The Plaintiff is a private company based in Kenilworth.
The Defendant
was the director of the company’s overall financial affairs.
Defendant raises an exception to the Plaintiff’s
summons, which
was issued on 11 January 2021. The Plaintiff’s amended
particulars, dated 20 October 2023, follow a previous
exception
resolved by agreement between the parties. The Defendant raises the
exception contending that both claims identifiable
in the particulars
have no cause of action. Defendant traversed the Plaintiff’s
pleaded case to convey why it was excipiable.
2.
The Plaintiff is an employer in the metal and engineering
industry
and contributes to two pension funds for workers in those industries.
In terms of section 13A(1) of the Pensions Funds
Act, 1956, the
employer was required to deduct monies from its employees'
remuneration as pension fund contributions and then pay
those monies
to the funds. The plaintiff then states that in addition to being
liable to the pension fund for these payments, a
director in charge
of financial affairs can also be personally liable for the monies it
owes to the pension funds. The plaintiff
accepts that it failed to
make the necessary payments to the pension funds, and ultimately, it
agreed to a court order in February
2023 that both it and the
director, Mrs Duncan, were liable to pay the pension funds, which it
explains it has arranged to do.
3.
The Defendant was a director of the Plaintiff between
June 2014 to
March 2016. Defendant interprets Plaintiff’s pleaded case to
mean that, as an employer, he was obliged by law
to deduct monies
from employee salaries and pay these deducted monies to pension
funds.

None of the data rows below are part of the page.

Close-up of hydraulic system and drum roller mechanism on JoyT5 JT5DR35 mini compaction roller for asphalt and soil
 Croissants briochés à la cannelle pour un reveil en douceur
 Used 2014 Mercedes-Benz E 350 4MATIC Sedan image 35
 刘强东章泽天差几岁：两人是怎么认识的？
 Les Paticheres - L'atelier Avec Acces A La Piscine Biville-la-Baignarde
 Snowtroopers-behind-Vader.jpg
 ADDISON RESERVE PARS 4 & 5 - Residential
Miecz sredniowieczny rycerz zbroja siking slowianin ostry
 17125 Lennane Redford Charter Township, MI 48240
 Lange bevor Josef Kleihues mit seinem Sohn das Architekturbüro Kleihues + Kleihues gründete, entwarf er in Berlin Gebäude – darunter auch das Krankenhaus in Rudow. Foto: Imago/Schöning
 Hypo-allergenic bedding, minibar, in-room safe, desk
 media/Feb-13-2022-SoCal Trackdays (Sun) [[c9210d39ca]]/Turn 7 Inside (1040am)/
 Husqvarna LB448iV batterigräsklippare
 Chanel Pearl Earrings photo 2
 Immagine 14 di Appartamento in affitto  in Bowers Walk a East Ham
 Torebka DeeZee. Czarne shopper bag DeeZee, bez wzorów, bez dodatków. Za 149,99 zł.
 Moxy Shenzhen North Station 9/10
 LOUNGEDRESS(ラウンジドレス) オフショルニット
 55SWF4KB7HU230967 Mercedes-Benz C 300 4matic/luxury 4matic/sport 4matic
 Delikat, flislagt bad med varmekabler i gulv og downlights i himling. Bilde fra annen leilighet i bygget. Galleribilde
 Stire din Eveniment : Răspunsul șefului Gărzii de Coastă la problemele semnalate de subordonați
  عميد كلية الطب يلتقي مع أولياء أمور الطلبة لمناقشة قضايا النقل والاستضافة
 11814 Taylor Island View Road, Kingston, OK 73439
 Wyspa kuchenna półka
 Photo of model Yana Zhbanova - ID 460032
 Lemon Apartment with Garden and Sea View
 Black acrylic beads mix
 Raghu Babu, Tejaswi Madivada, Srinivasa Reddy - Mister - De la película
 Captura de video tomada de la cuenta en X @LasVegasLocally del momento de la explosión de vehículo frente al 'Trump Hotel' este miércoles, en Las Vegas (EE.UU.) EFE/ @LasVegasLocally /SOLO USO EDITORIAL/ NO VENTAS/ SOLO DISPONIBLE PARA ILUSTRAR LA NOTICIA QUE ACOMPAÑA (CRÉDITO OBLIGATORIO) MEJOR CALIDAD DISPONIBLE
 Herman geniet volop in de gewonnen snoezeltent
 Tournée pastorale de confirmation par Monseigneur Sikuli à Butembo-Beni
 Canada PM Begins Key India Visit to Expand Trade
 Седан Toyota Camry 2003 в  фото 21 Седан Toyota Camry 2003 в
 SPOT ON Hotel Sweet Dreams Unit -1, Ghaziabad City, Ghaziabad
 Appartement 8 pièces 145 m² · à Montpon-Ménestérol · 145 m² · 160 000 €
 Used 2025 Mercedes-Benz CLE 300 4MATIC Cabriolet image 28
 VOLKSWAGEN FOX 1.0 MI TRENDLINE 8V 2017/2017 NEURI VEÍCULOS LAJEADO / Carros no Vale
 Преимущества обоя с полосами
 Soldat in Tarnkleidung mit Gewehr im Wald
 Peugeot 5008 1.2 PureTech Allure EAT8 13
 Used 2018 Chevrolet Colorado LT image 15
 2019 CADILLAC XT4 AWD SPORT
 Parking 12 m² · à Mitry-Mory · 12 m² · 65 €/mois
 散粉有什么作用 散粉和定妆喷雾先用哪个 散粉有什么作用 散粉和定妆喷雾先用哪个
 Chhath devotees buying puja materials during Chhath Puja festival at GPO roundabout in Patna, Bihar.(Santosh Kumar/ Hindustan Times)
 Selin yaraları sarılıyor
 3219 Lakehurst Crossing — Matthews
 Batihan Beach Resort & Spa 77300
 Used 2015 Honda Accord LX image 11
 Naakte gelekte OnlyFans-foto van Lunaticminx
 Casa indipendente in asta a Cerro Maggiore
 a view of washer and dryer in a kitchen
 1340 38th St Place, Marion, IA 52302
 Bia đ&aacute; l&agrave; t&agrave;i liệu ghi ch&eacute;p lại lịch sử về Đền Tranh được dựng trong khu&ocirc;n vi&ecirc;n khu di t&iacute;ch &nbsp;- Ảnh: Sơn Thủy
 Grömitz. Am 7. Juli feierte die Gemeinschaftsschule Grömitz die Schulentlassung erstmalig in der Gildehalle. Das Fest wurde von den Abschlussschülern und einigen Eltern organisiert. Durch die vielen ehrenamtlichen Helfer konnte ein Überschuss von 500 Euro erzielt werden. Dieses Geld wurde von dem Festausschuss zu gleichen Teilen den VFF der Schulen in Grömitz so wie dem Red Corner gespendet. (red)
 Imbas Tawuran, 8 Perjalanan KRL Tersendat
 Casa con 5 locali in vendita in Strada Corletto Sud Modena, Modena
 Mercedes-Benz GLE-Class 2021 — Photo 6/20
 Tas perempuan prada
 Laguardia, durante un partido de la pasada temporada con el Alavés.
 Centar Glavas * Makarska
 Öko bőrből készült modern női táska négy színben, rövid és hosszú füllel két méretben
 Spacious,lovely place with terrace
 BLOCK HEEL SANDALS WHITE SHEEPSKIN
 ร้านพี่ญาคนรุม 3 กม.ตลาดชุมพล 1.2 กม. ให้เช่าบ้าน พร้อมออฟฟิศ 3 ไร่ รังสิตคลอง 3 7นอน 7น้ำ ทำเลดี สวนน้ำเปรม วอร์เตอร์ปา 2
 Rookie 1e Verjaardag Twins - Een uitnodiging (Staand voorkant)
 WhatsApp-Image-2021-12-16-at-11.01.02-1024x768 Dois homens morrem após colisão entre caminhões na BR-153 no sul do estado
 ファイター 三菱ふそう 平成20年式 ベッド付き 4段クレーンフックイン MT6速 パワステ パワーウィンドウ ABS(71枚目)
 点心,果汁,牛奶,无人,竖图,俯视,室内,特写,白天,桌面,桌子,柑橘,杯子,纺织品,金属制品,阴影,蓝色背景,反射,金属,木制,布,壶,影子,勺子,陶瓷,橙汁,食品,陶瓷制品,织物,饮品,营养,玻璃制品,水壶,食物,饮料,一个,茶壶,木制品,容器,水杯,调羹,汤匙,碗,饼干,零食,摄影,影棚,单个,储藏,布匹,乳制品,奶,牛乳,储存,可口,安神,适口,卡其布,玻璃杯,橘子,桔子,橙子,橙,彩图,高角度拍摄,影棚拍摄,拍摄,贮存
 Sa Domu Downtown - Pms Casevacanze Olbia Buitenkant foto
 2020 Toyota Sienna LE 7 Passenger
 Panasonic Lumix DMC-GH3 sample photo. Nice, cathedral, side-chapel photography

The first claim is that Plaintiff alleges
that Defendant
breached his fiduciary duties by paying monies from Plaintiff to
himself instead of to the pension funds to whom
Plaintiff was
indebted (“the primary claim”). Alternatively, Plaintiff
alleges that Defendant failed to pay the pension
funds when he had a
duty to do so, resulting in Plaintiff being liable to the pension
funds when, if there were no such breach,
Plaintiff would not have
been so indebted (“the alternative claim”)
4.
Defendant asserts that the alternative claim discloses
no cause of
action. Defendant asks how Defendant’s actions in failing to
execute payment of monies owed by Plaintiff to the
pension funds for
a two-year period starting ten years ago in any way affect whether or
not Plaintiff was liable to the pension
funds. The plaintiff explains
that it was under a statutory duty to make these payments to the
pension funds on behalf of its employees,
which it did not do and
further explains that it has now, by agreement and as confirmed by
court order, arranged, together with
its director Mrs Duncan to pay
these amounts. Defendant asserts that on the pleadings as they stand,
there is no possible way Defendant
could be liable under the
alternative claim as his purported failure to make payments could not
have affected Plaintiff’s
legal obligations under the Act or
its liability to the pension funds.
5.
The Defendant then contends that the primary claim is
not based on a
cognisable cause of action. The defendant asserts that no claim is
recognised in law for recovery of stolen or misappropriated
monies
due to a breach of fiduciary duty by a director. The law has
provided the Plaintiff (and any aggrieved person in South
Africa)
with an action for stolen goods and funds, namely the
condictio
furtiva
. There is no general or generic claim for stolen funds or
a claim in terms of breach of director duties.
6.
The Plaintiff’s only allegations made in support
of its primary
claim are set out in paragraph 23.3 of the particulars, where it says
that the Defendant ‘was party to an
act or omission despite
knowing that the act or omission was calculated to defraud a
creditor, employee, or shareholder of the
company, or had another
fraudulent purpose by rather paying the pension fund contributions to
the Defendant instead of paying the
amounts to the Funds.
7.
Defendant asks if it is assumed that Plaintiff will prove
this
paragraph, then what does it mean? The Defendant was party (with
whom?) to an act or omission (so he or someone else either
did
something or did not do something) calculated to defraud creditors,
employees or shareholders (none of whom are party to these
proceedings) by paying the monies to himself rather than to the
pension funds. The defendant contends that the paragraph makes
no
sense. Plaintiff appears to allege that Defendant was party to fraud
on non-parties to this action (employees, shareholders
and creditors
rather than Plaintiff), which would be grounds for a misjoinder or
non-joinder (Plaintiff cannot sue on their behalf.
8.
Defendant states that if he applied a generous interpretation
to the
allegation “by rather paying the pension fund contributions to
the Defendant”, perhaps the case, as pleaded,
is that Defendant
stole or misappropriated the employees' funds, which the Plaintiff
was obliged to pay on to the pension Funds
(noting that these would
never have been the Plaintiff’s funds). Defendant submits that
in this case, it would surely have
been the employees who were out of
pocket (as their monies, as alleged by Plaintiff, were not paid to
the pension funds and not
to Plaintiff. Unless it is the Plaintiff’s
case that it paid these monies to the pension funds (which, in its
pleaded case,
it has not yet done, despite acknowledging liability)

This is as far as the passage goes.